■ Exercise: With the pictures left out, restate exactly the part below that opens with the line containing "Casa Ro - Rimini" and closes with the line containing "Pre-Owned Armageddon (Left".

■ Given data:

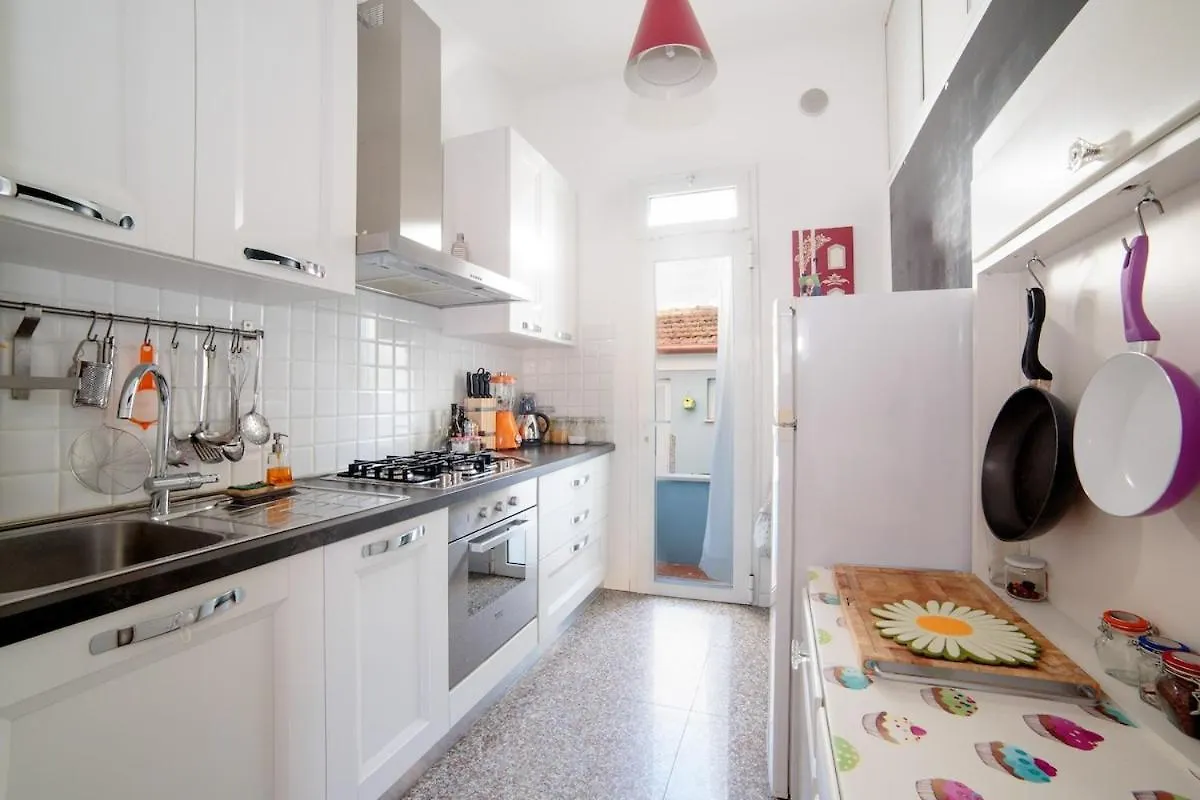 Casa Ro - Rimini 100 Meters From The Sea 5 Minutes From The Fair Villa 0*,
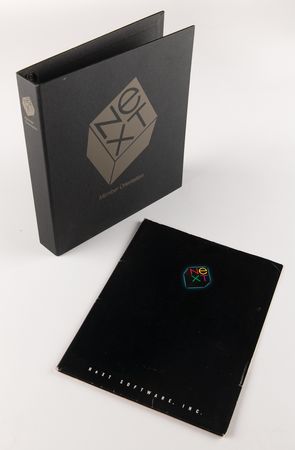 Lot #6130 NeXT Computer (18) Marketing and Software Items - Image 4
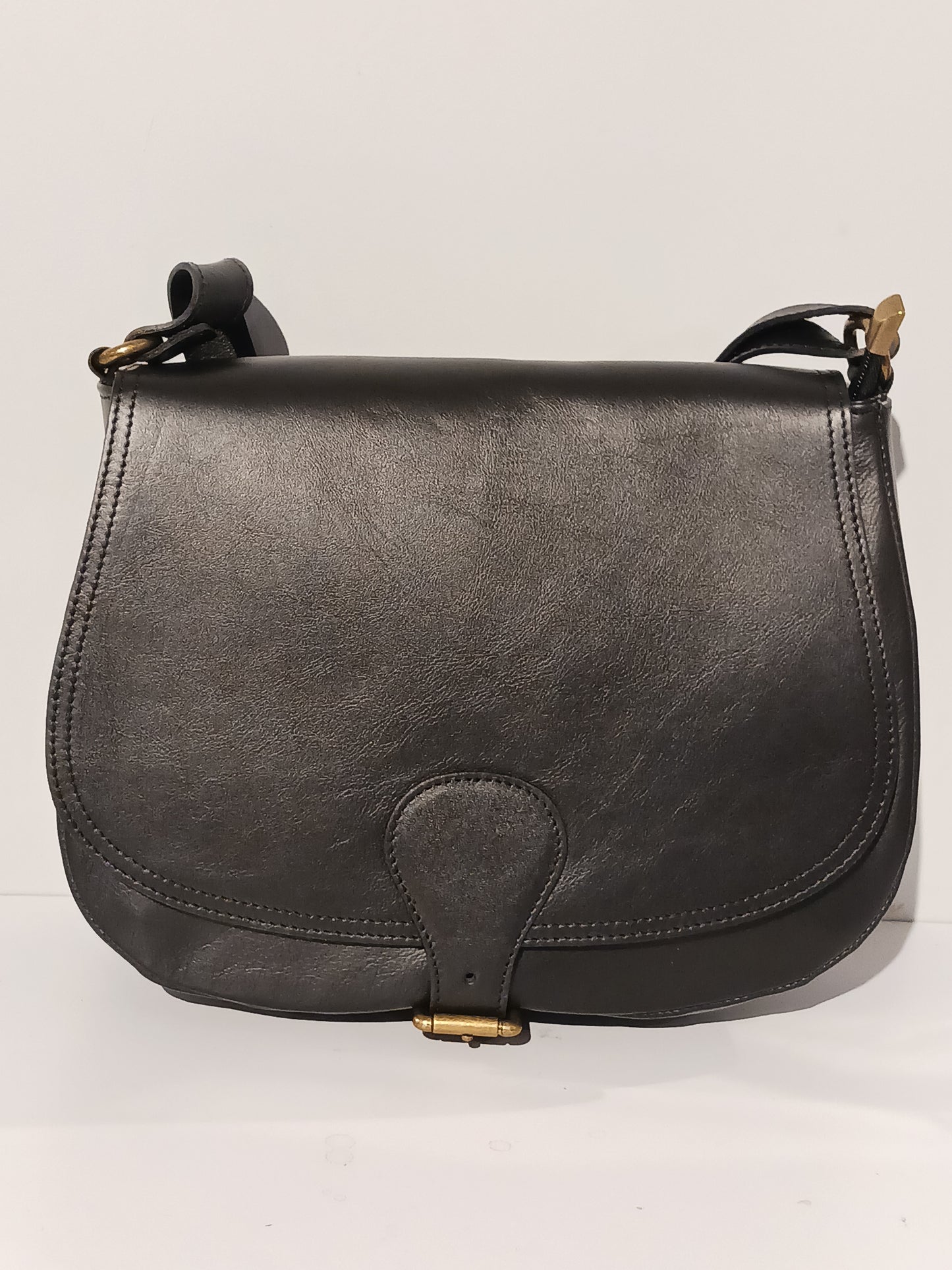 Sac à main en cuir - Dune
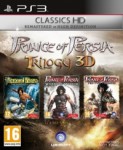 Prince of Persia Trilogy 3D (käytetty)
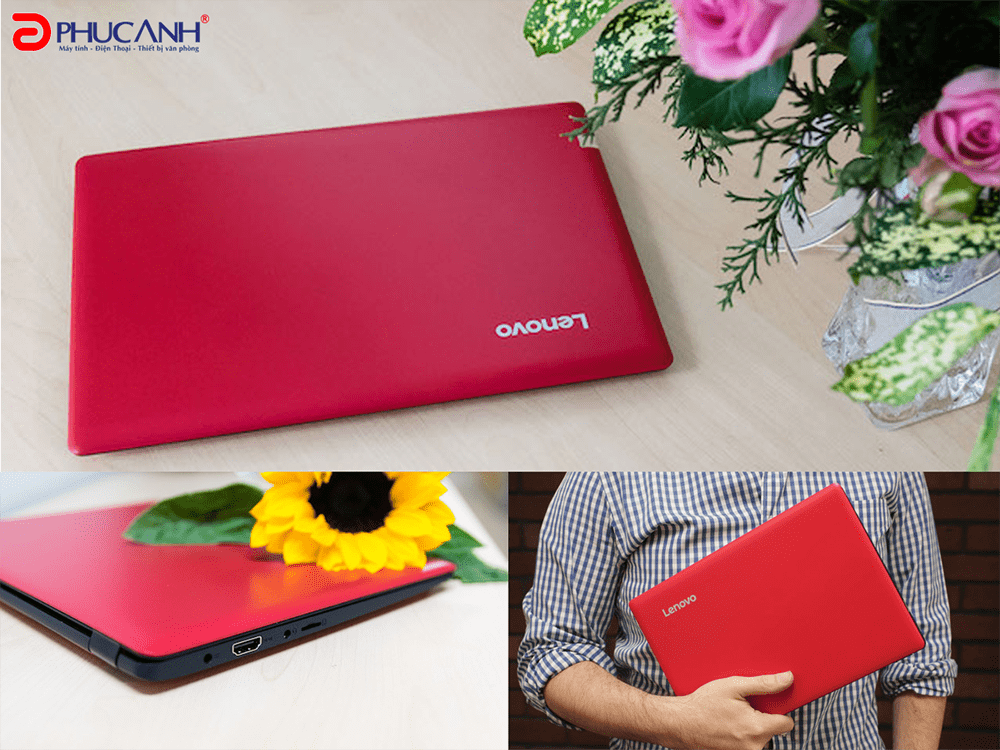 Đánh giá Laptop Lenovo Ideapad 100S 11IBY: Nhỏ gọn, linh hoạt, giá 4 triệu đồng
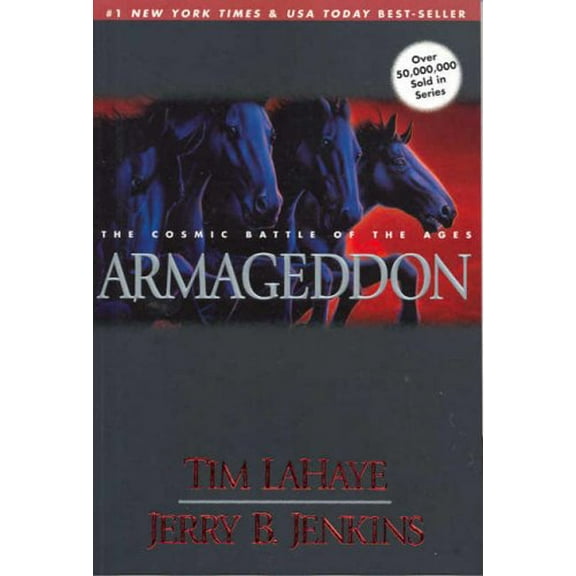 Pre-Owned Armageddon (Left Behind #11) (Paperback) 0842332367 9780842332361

...

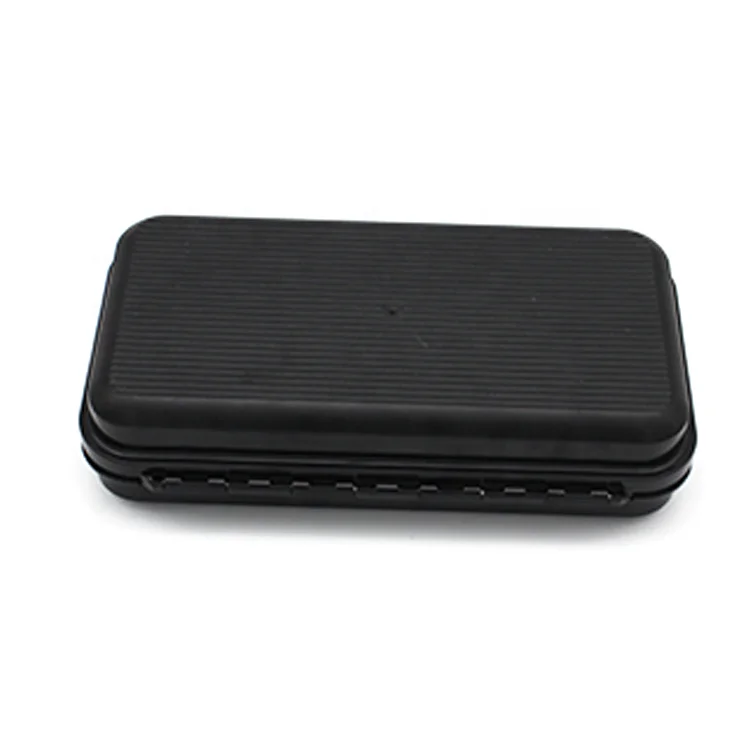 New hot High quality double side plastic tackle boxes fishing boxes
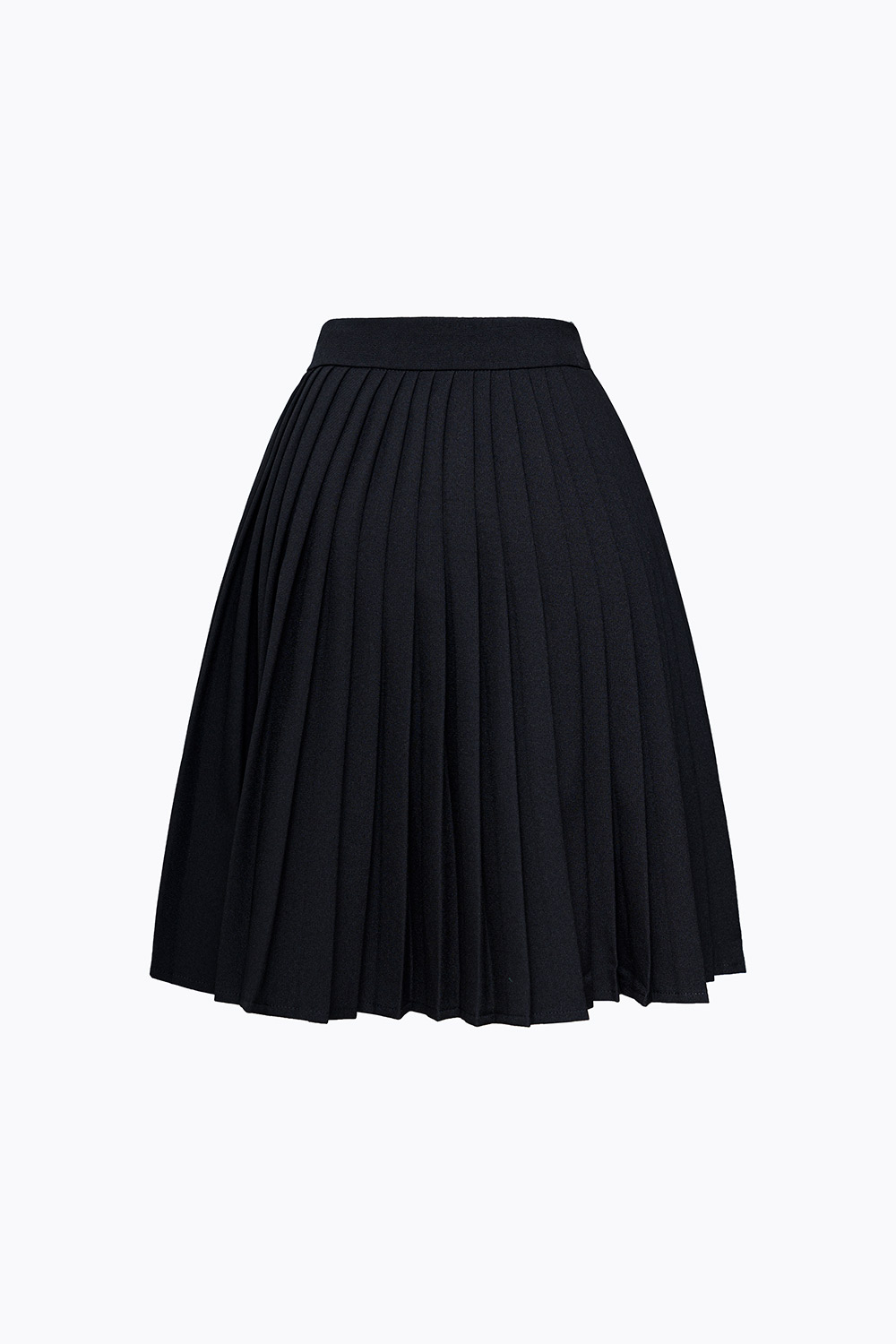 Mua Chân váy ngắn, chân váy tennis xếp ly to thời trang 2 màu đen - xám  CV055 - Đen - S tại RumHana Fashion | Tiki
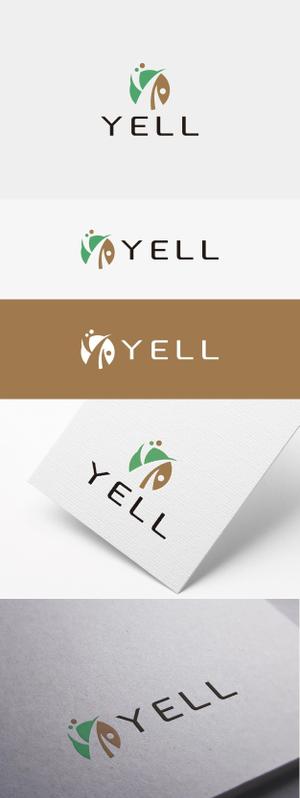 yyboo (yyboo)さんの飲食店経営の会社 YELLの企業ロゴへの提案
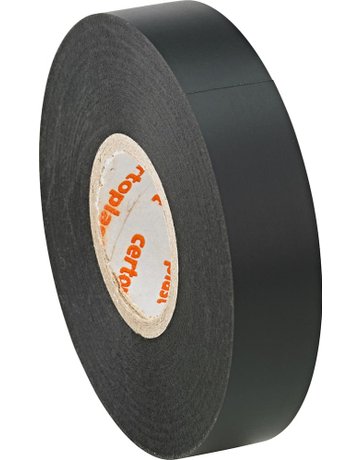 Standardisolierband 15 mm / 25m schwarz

==

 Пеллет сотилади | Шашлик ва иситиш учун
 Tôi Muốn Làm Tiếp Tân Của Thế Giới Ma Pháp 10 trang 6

■ Result for this task:
 Casa Ro - Rimini 100 Meters From The Sea 5 Minutes From The Fair Villa 0*,
 Lot #6130 NeXT Computer (18) Marketing and Software Items - Image 4
 Sac à main en cuir - Dune
 Prince of Persia Trilogy 3D (käytetty)
 Đánh giá Laptop Lenovo Ideapad 100S 11IBY: Nhỏ gọn, linh hoạt, giá 4 triệu đồng
 Pre-Owned Armageddon (Left Behind #11) (Paperback) 0842332367 9780842332361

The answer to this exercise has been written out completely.